Task requirements: What is needed here is an exact printout of the data, with no pictures included.

Data shown:

======

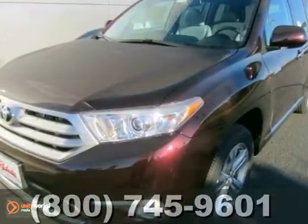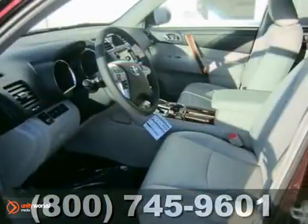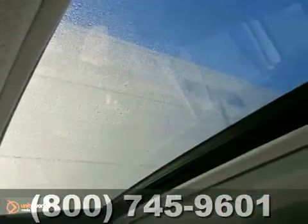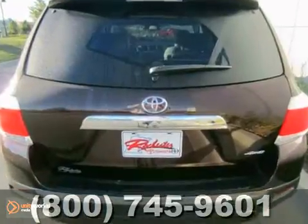We think you'll like this 2013 Toyota Highlander. It features 4-wheel drive, Bluetooth, and climate package. It also has downhill assist control, an anti-theft system, and heated seats. The navigation system and the sunroof make this Toyota hard to pass up.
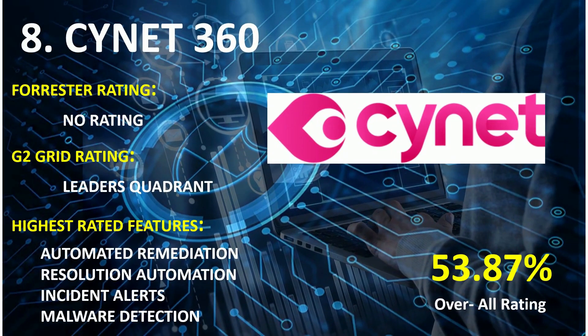On rank 8th: Synet 360. G2 Grid Rating: Leader Quadrant. Highest rated features: Automated Remediation, Resolution Automation, Incident Alerts, and Malware Detection. Overall combined score: 53.87%.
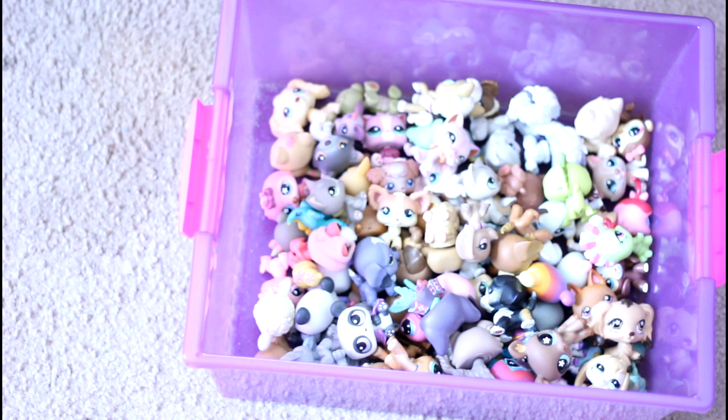Let's open this box — I absolutely love what they sent it in. It's like this purple plastic box which is actually really good for storage, so I think I'm gonna keep this.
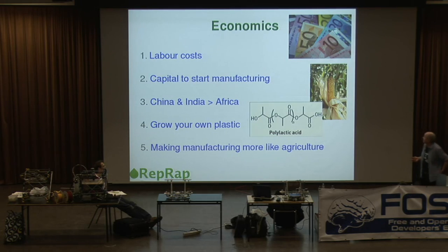One of the key things about the production of anything is labor costs. Another aspect of economics is the capital you require to start manufacturing something. As we all know, manufacturing industry has migrated to China, the Far East, India, and countries like Brazil, where labor costs are low. However, if you want to start up a factory in China to make digital watches, you still have to invest $100 million in your factory.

======

Finished exercise:
We think you'll like this 2013 Toyota Highlander. It features 4-wheel drive, Bluetooth, and climate package. It also has downhill assist control, an anti-theft system, and heated seats. The navigation system and the sunroof make this Toyota hard to pass up.
On rank 8th: Synet 360. G2 Grid Rating: Leader Quadrant. Highest rated features: Automated Remediation, Resolution Automation, Incident Alerts, and Malware Detection. Overall combined score: 53.87%.
Let's open this box — I absolutely love what they sent it in. It's like this purple plastic box which is actually really good for storage, so I think I'm gonna keep this.
One of the key things about the production of anything is labor costs. Another aspect of economics is the capital you require to start manufacturing something. As we all know, manufacturing industry has migrated to China, the Far East, India, and countries like Brazil, where labor costs are low. However, if you want to start up a factory in China to make digital watches, you still have to invest $100 million in your factory.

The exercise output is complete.